Et les pauvres forces de l’ordre incarnent tellement l’image du pouvoir dans la population, qu’ils cristallisent toute la violence, toute la colère du “peuple”. Alors qu’eux-même sont coincés, victimes du système. J’ai adoré voir ces images des CRS qui posent matraques, casques et applaudissent les soignants lors de leur dernière manifestation. Vous n’aurez pas leur haine à eux non plus ! Et ça fait du bien de voir ça. Voilà qui réconcilie un peu avec la profession. Non, tous les flics ne sont pas pourris et ne sont pas des brutes violentes sans humanité.

16 juin 2020 – Manifestation pour les soignants / Nîmes

Et si toutes les colères de notre pays étaient le symbole d’un sentiment général dans la population, celui de se sentir piégée ?

Piégée dans un système qui oublie que prendre soin de l’humain, qu’en respecter les besoins, que le rendre autonome dans ses choix et dans son trajectoire de vie, et que lui donner les clés pour entretenir son libre-arbitre, lui reconnaître sa valeur, c’est s’assurer une démocratie en bonne santé. Piégée entre le besoin de se sentir en sécurité , prise en charge par l’Etat pour un certain nombre d’aspect de notre vie et le besoin de liberté si important dans notre pays qu’il s’inscrit aux frontons de nos mairies. Piégée dans ses propres paradoxes, qui rend toute décision politique source de polémiques. Piégée par ce modèle capitaliste, patriarcal, ou la toute-puissance prime sur tout autre modèle de relation inter-vivant. Alors qu’il est profondément injuste car il y a toujours un perdant. CQFD. La boucle est bouclée.

La colère relève souvent de ce sentiment d’injustice, de non-choix, de ne pas se sentir reconnu. Et j’ai le sentiment que notre système capitaliste, patriarcal, ou la toute-puissance et la croissance sont les seuls modèles de “réussite” tolérés, est arrivé au bout de ce qu’il pouvait apporter à une société.
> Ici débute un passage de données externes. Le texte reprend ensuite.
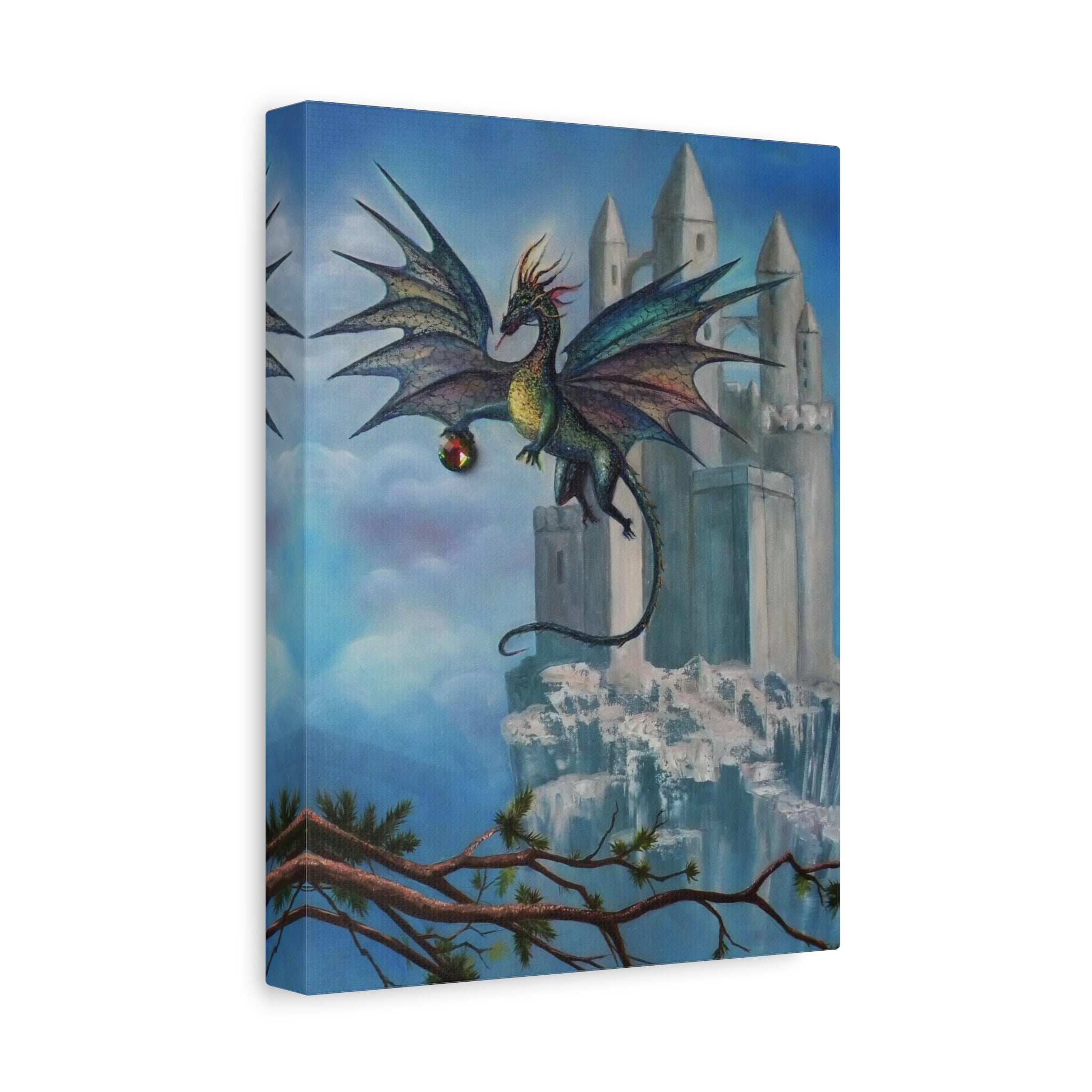 Canvas print with a dragon and castle design on a white background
Il provoque de plus en plus d’injustice, les citoyens se retrouvent de plus en plus coincés dans leurs choix de vie uniquement pour une question de subsistance, et ils n’ont plus le choix. Ils ne se sentent pas reconnus à leur juste valeur.

Il est temps de redonner de l’espoir, de montrer qu’un autre chemin est possible.

J’espère juste que celui ou celle qui décidera de le clamer haut et fort ne se réclamera pas nationaliste, populiste ou pire encore totalitariste.